A milestone report puts the spotlight on thrombosis.

The collective term for various forms of thrombosis is venous thromboembolism (VTE) and includes deep vein thrombosis (DVT) and pulmonary embolism (PE).

All are now likely to be watched more closely following the Venous Thromboembolism Market Insights, Epidemiology, and Market Forecast-2032 report from business consulting and market research company DelveInsight, which highlights the condition's consequences, new drug developments and companies targeting it.

Thrombosis occurs when blood clots block veins or arteries, with symptoms including pain and swelling in one leg, chest pain, or numbness to one side of the body. Complications can lead to a stroke, heart attack and death.

The thrombosis market has quietly gathered momentum behind COVID-19's domination of headlines, as shown by a 2021 Data Bridge Market Research forecast that thrombosis treatments would be worth almost $17 billion globally by 2028.

The DelveInsight report named a pioneering drug company in its findings, Silicon Valley-based Verseon, which is using its proprietary artificial intelligence and advanced computational drug discovery platform to develop cardiovascular treatments alongside seven other drug candidates it aims to bring to market soon.

Verseon chief executive Adityo Prakesh said thrombosis in all its forms had been hiding in plain sight for decades.

"Thrombosis poses a serious risk of stroke and heart attack to over 400 million people with cardiovascular disease worldwide," he said. "But finding anti-thrombotic drugs with a very low bleeding risk and safe for long-term use remains a challenge for the rest of the industry.
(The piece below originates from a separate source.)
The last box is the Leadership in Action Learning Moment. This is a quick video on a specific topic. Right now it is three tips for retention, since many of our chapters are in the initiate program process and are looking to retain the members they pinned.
"However, our PROAC (precision oral anticoagulant) candidates promise to provide a safe long-term therapy option for cardiovascular patients."

The company's chief science officer David Kita said its PROACs "prevent undesired blood clot formation, yet also preserve hemostasis (blood flow) and promise a dramatically reduced bleeding risk"
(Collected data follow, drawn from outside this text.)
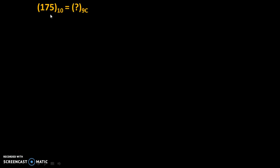The problem is: 175 to the base 10 equals question mark to the base 9c. Here, base 10 means this number is in decimal form, and 9c means we need to find the 9th complement of that number.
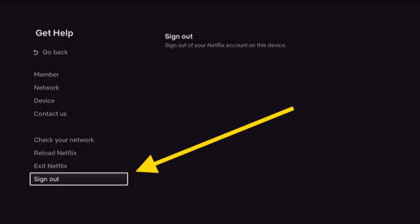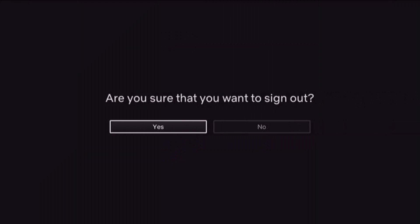Once you select 'Get Help,' on the next screen you'll see a sign out button at the bottom left corner. Tap on it to sign out of your Netflix account on this device. It will ask for confirmation — just select 'Yes.'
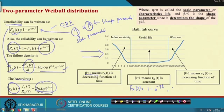Beta and eta are the two constants of Weibull distribution. Through the hazard rate, they give good insight about the health of the component which follows the Weibull distribution.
"They have the potential to change the standard of care for millions of patients with thrombosis-related disorders," he said.

World Thrombosis Day is marked on October 13 each year, with last year's campaign quoting chilling annual figures: some 10 million cases of VTE worldwide; 100-300,000 Americans and around 550,000 Europeans dying from VTE-related conditions; and VTE-related events claiming more lives than AIDS, breast cancer, prostate cancer and road crashes combined.

Up to 60 percent of VTE cases occur during or after hospitalisation, making it a leading preventable cause of hospital death.

Other companies named in the Delvelnsight report for their emerging therapies are Bayer and Bayer/Ionis, Bristol-Myers Squibb/Janssen, Quercis Pharma, and Ono.